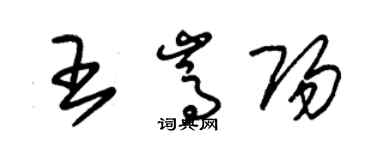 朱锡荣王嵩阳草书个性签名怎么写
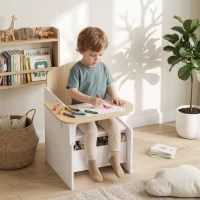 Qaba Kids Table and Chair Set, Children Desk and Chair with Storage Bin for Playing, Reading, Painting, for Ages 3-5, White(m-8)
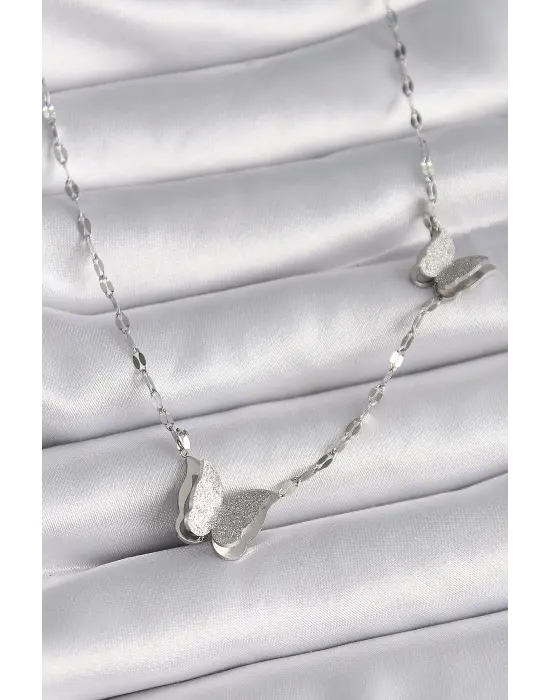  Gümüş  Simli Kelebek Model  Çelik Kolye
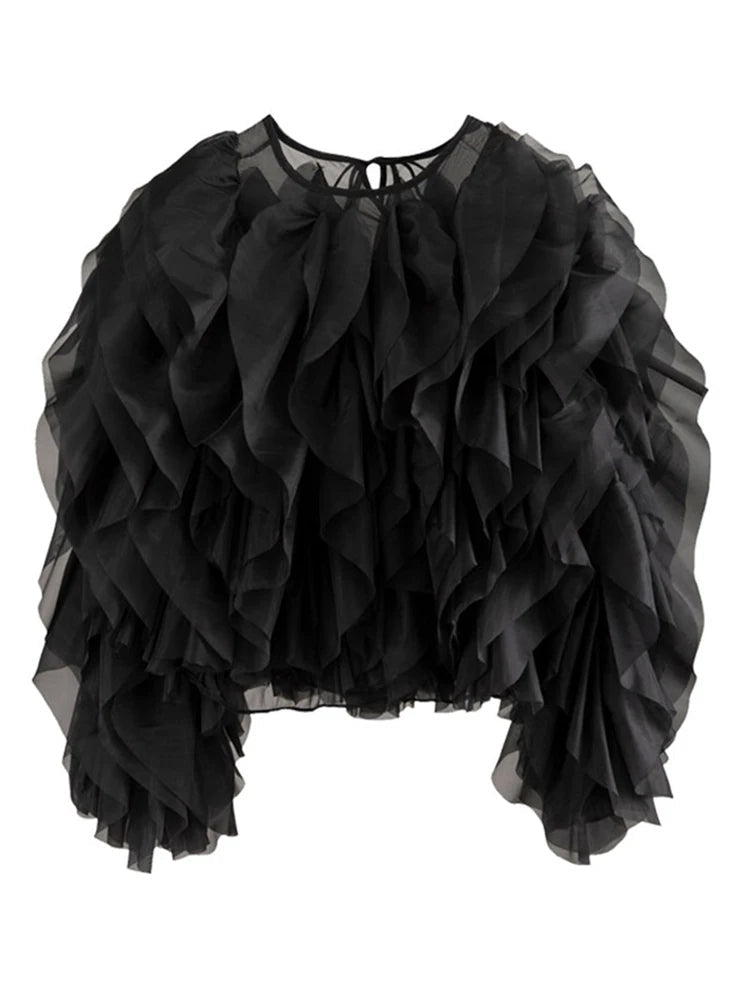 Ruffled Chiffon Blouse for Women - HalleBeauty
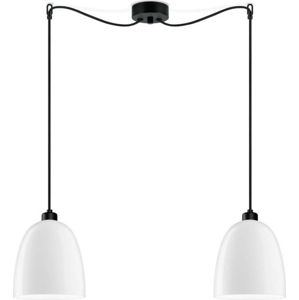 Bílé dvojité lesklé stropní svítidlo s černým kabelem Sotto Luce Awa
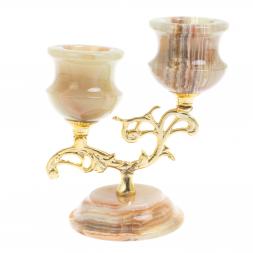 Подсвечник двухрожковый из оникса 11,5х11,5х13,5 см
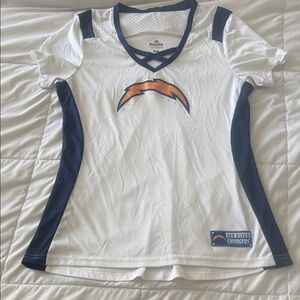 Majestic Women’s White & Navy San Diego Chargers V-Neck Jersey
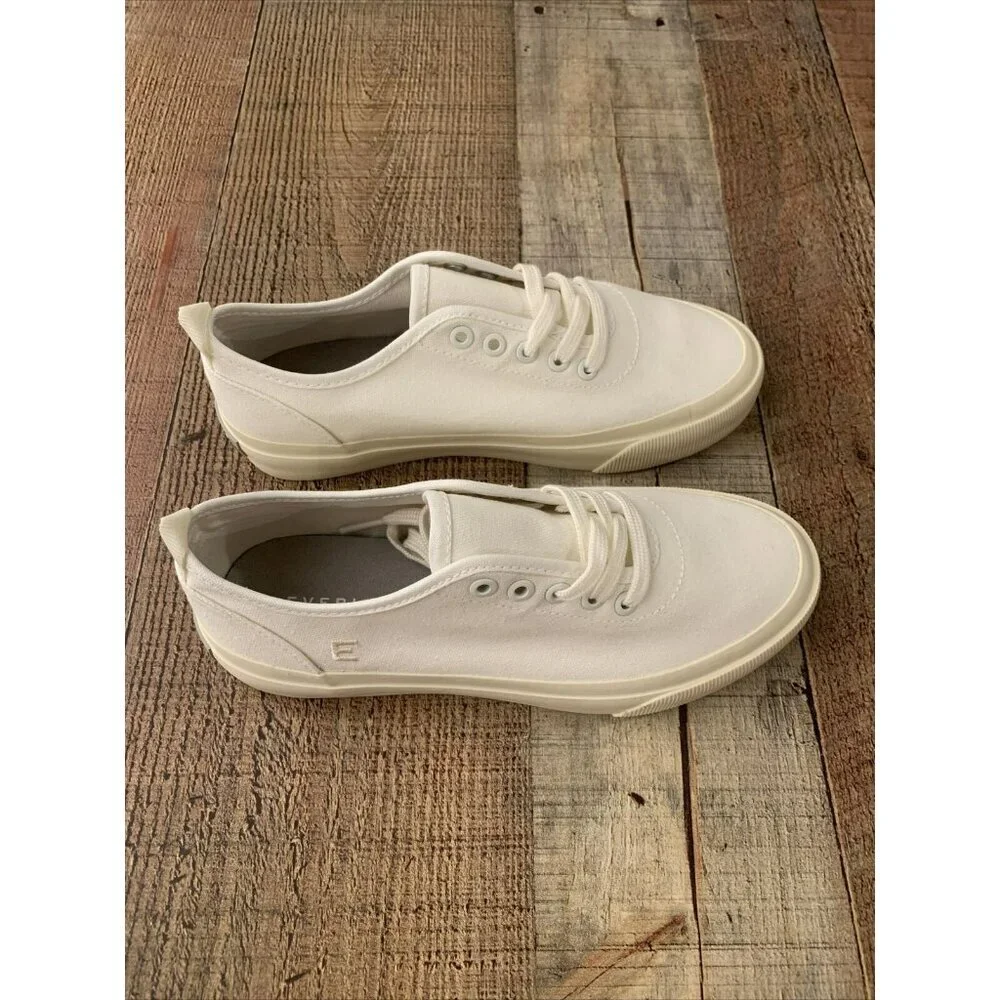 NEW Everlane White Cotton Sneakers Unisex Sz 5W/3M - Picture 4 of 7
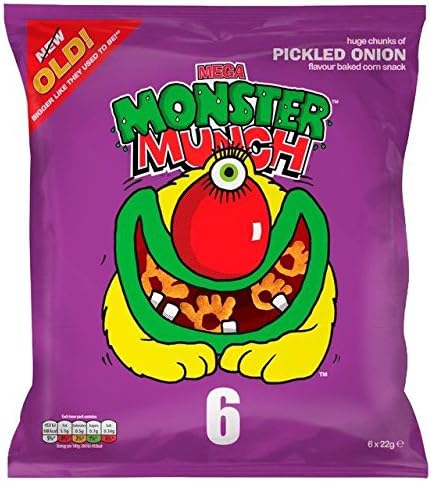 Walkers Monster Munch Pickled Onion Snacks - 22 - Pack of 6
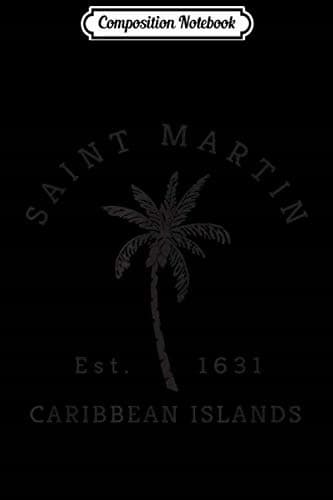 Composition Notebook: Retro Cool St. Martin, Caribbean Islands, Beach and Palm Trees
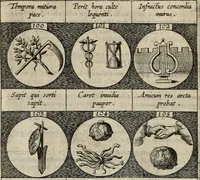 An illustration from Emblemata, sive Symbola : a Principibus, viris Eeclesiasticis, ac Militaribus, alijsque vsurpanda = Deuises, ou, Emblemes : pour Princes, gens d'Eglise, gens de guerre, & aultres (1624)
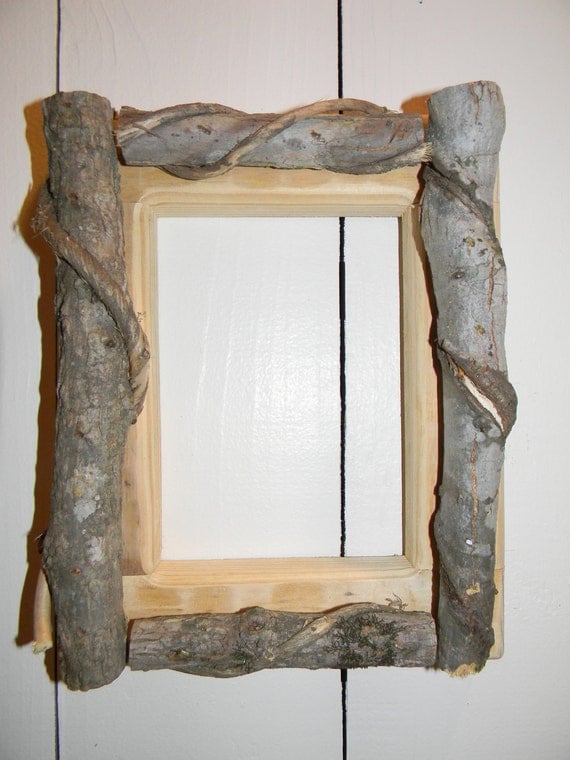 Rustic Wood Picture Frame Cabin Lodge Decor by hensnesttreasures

--

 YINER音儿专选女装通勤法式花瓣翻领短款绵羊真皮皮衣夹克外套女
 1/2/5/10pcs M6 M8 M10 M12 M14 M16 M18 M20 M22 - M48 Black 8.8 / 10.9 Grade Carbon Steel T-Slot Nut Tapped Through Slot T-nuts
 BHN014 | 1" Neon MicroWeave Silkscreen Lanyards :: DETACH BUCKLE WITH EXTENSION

# WORK TO COMPLETE:
Copy the listing above exactly, but only from the line with "Подсвечник двухрожковый из" through the line with "Rustic Wood Picture", including those two lines and excluding any picture.

# WRITTEN RESPONSE:
 Подсвечник двухрожковый из оникса 11,5х11,5х13,5 см
 Majestic Women’s White & Navy San Diego Chargers V-Neck Jersey
 NEW Everlane White Cotton Sneakers Unisex Sz 5W/3M - Picture 4 of 7
 Walkers Monster Munch Pickled Onion Snacks - 22 - Pack of 6
 Composition Notebook: Retro Cool St. Martin, Caribbean Islands, Beach and Palm Trees
 An illustration from Emblemata, sive Symbola : a Principibus, viris Eeclesiasticis, ac Militaribus, alijsque vsurpanda = Deuises, ou, Emblemes : pour Princes, gens d'Eglise, gens de guerre, & aultres (1624)
 Rustic Wood Picture Frame Cabin Lodge Decor by hensnesttreasures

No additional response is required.